Mike’s old stomping grounds is Adam’s Corner, Dorchester; predominantly Irish and resilient, home to some of Beantown’s greatest boxing legends. I meet him there the following Friday at a restaurant — Gerard’s — that’s located inside an old, corner convenience store. There is only one way to reach the dining area, and that’s through the store, to the right of the cash registers, and finally through big wooden doors that seem out of place. Mike’s standing outside near the entrance to the store smoking a cigarette. He shakes my hand and takes one last drag and extinguishes the butt on the edge of a garbage can, flicking it away. There was something different about him this time around, electing to wear a black fitted Boston Bruins hat and going clean shaven. The razor did more than just get rid of his stubble, also shaving off years. He’s a regular patron here and unlike at McGreevy’s, has no problems getting the attention of the wait staff after we take our seat in a corner booth. He prefers breakfast for lunch and promptly puts in his order of coffee and french toast. With the pressure of his band’s first performance gone, he’s laid-back and eager to talk more about his journey to Texas to record the album, but not before he excuses himself as he waves to old friends as they walk past the window.

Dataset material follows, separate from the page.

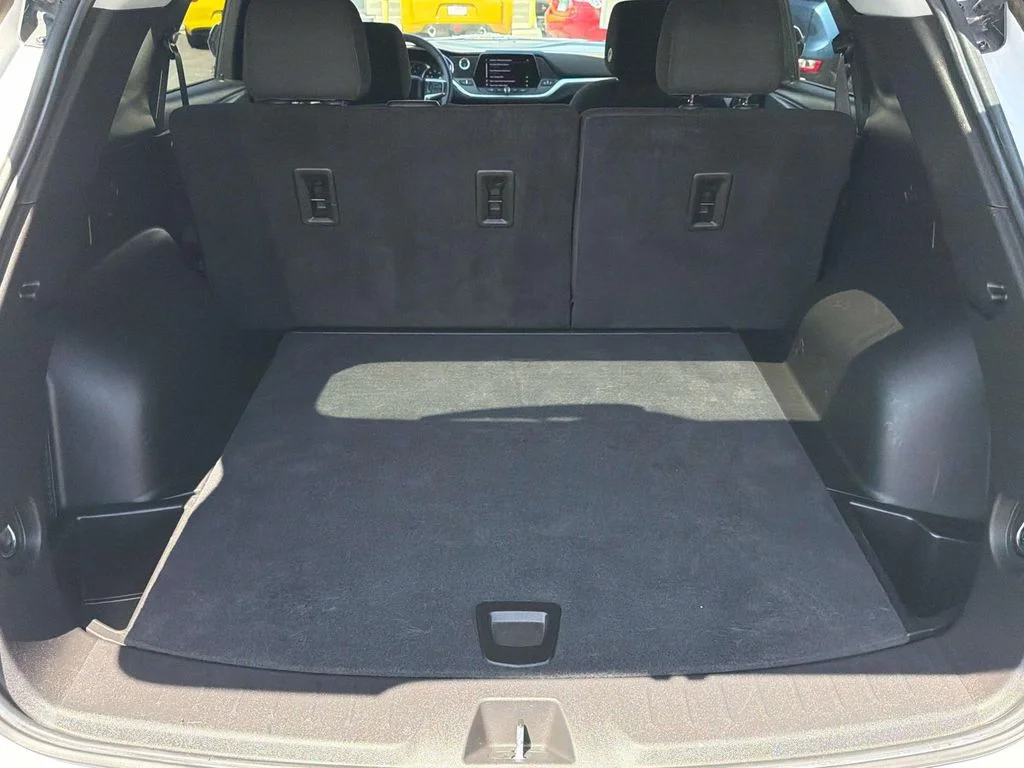 Used 2022 Summit White Chevrolet LT image 36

“I feel that by being in the middle of the road—studied, but not too studied—we’re going to be a little bit more laid back in our approach to making music. It’s a different feel and process when we do things like this,” he says. “It just works.”

They were simply doing something different, and having fun.

“We didn’t have time to really pull anything back. it just came from our heart and soul and it just found its way out there. In the past we’d probably review things a little bit more closely, but this time we didn’t. It was like, lets just make a bunch of songs and put them all out there.”

Mike has earned his folk credibility. His relevance now position him among other singers whom have left punk, to create music in a genre that shares common roots. While there weren’t any serious expectations set upon his band, there was precedence set forth by some of his punk-turned-folk compatriots. After all, his friend Chuck Ragan, the frontman for seminal punk band Hot Water Music had released 8 highly successful solo albums in 6 years, in addition to the discography his main band had chronicled throughout 20 years. Dr. Greg Graffin, frontman for the band Bad Religion, also released a critically acclaimed Americana album called Cold As The Clay. music that, as he’s stated in interviews, “honor the legacy of American music…[by playing] traditional songs that helped form the 18th and 19th century American cultural landscape.” They were Mike’s peers. If they could do it, why not him?

Jason Stone, senior editor of Dying Scene, a website that exhaustively and extensively covers bands such as Street Dogs, Hot Water Music, and Bad Religion, agrees that it’s those common roots that allow two entirely different bands to coexist. He’s been a fan of the Boston punk scene for years, and has known Mike professionally and personally for a while. Jason says, “They share a grassroots, working-class background that favors the working man and a distrust of the government and large corporate interests.”

And what about the sound? “They also share a lot of song-structure similarities,” he says. “There is a reason that folk and punk bands have both released albums called Three Chords and the Truth.

The new Mike channels Neil Young’s Harvest Moon more than Joe Strummer’s The Clash, the definitive album young punks ground their influence in. He has traded in his spikes and leather jacket for a barrage of acoustic guitars. Mike acknowledges, “Now we’re finding that a lot of doors that might have been closed to us with Street Dogs are suddenly opening up again.”